The New England Journal of My Ass

Tuesday, April 18, 2006

What Almost Was: The Midwest Disneyworld

What follows is the stuff of legends: A true story with ramifications effecting me and pretty much everybody I grew up with and around.

It's a story you hear in Central Florida from time to time, but it's in Richard E. Foglesong's book "Married to the Mouse: Walt Disney World and Orlando" where the legend takes shape.

In November of 1963, a dinner party was held for Walt Disney and his people by the local bigwigs of St. Louis, including one Auggie Busch Jr. The excitement was mounting: the local St. Louis economy would be rejuvenated, and Disney's imagineers were already in the early stages of developing themes based on local folklore (presumably defanged Mark Twain-related Americana). Unlike Disneyland, way out in Anaheim, this newest Disney themepark would be right in the middle of the country, and much more accessible to the East Coast.

It was at this party when Busch, a little tipsy on the beer that made his fortunes, said the following to Walt:

"Any man who thinks he can design an attraction that is going to be a success in this city and not serve beer or liquor, ought to have his head examined."

According to Foglesong, "Walt Disney didn't say anything. He merely raised his right eyebrow in response to the offending remark."

The Mayor of St. Louis and the city's denizens apologized profusely, but to no avail. Disney immediately flew back to California. St. Louis bankers flew out no less than three times to try and change Walt's mind, but had no success. The St. Louis Disneyworld wasn't to be; instead, a huge plot of land was purchased south of Orlando for the cost of a song (song, hell: more like the first verse of a very short song), and, well, we all know the rest of this story, don't we?

This happened nine years before I was born. My parents were teenagers in St. Louis at the time. My Dad ended up in construction, ending up in Central Florida, where his company helped build much of the Disneyworld expansion of the late-1980's all the way to the present day, including many places where they do serve alcohol.

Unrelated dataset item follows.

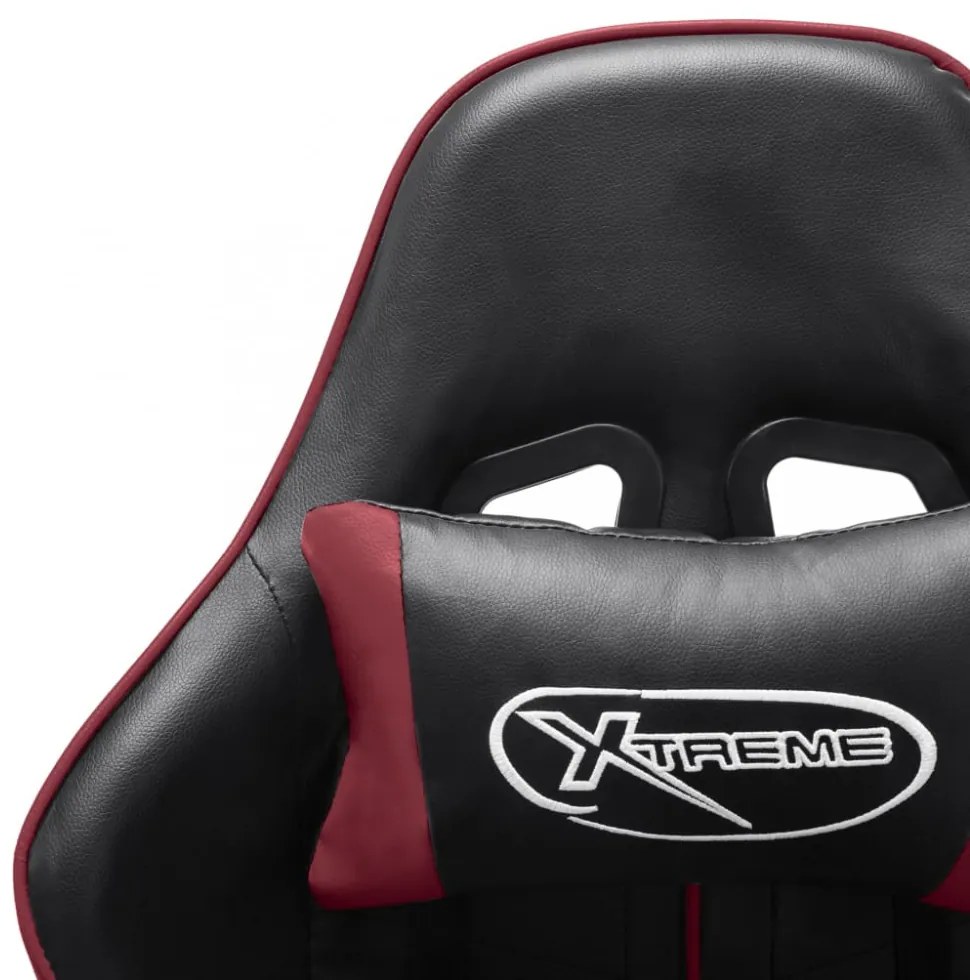 fekete és bordó műbőr gamer szék lábtámasszal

And that's really just a drop in the bucket of the literally billions of things that changed for so many, over one stupid beer-soaked remark from a St. Louis aristocrat. Anecdotes like that, you start to question how much control you really have over your life, and how the silliest little comments and gaffs from people "large" and "small" ripple outward until the effects are insansities like St. Louis up there with Vegas as "Vacation Capital of the World" and Lake Buena Vista as just another gator-populated body of water surrounded by orange groves. Or, vicey-versey: as it really is.

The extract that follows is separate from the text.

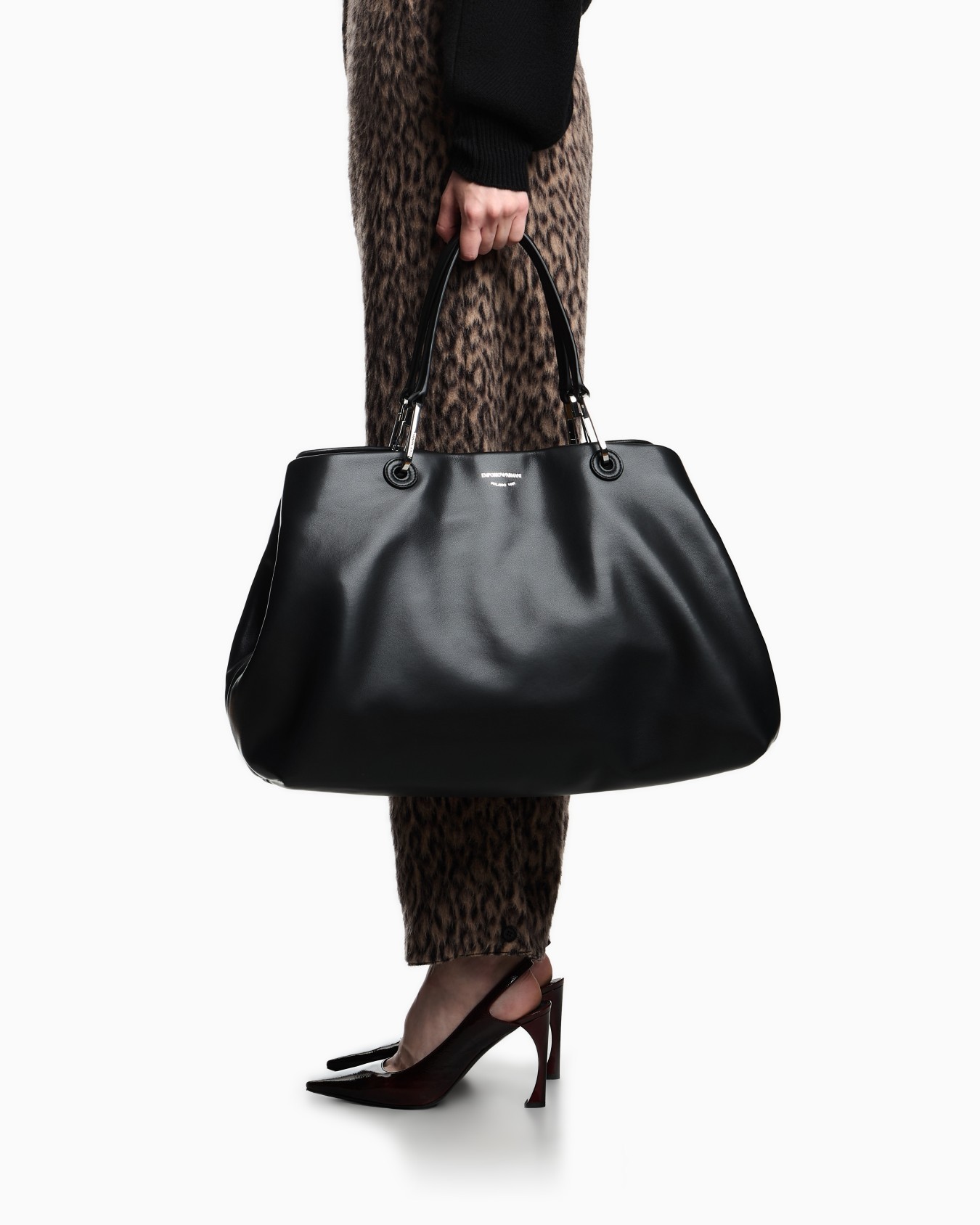 Emporio Armani Large Myea Shopper Bag In Black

A story like that reminds me of when a man came to the soda factory my great grandparents owned in New Jersey. He offered to buy their factory and buy out the company for a decent sum, with stocks in the company he represented and a solid stake in the company's future, even offering them the chance to be the North Jersey bottlers of this new product. The man represented a rival soda firm, and the deal was off when my grandmother's aunt (I think) took one sip of the rival soda and thought it tasted like medicine.

The rival soda, as you probably guessed, was Coca-Cola. They put Kelly Beverages out of business anyway, and we were out a fortune that could have made me the biggest, most trust-funded bastard you'd never want to meet.

I feel more proud for the ancestor who turned down Coke for her integrity than anything else, but many in our family still share that nagging sense of "What if?" Nevermind that she was right about Coke, especially compared to the high-quality pop Kelly Beverages made, as I've been told at family gatherings. We could have been millionaires! Billionaires! I'd have been a polo player instead of a drummer!

The point is that so much is predetermined over decisions (many of them, on the surface, silly and capricious decisions) made well before we were even thought of, and as much as we like to think we're "self made" and "blaze our own trail," the past and its (to use Robert Penn Warren's word in "All the King's Men") Burden laid a template that is difficult to break, assuming you want to break it in the first place.

This grip on the past and the desire to break it surely had an effect on James Joyce, Richard Hell, Bob Dylan, Warhol, and Madonna, among others I'm too stupid to recall right now. It has surely inspired many a move to Florida, or the proverbial Big City. Such moves just lessen that unbreakable connection.

I'm just fascinated with it more than anything.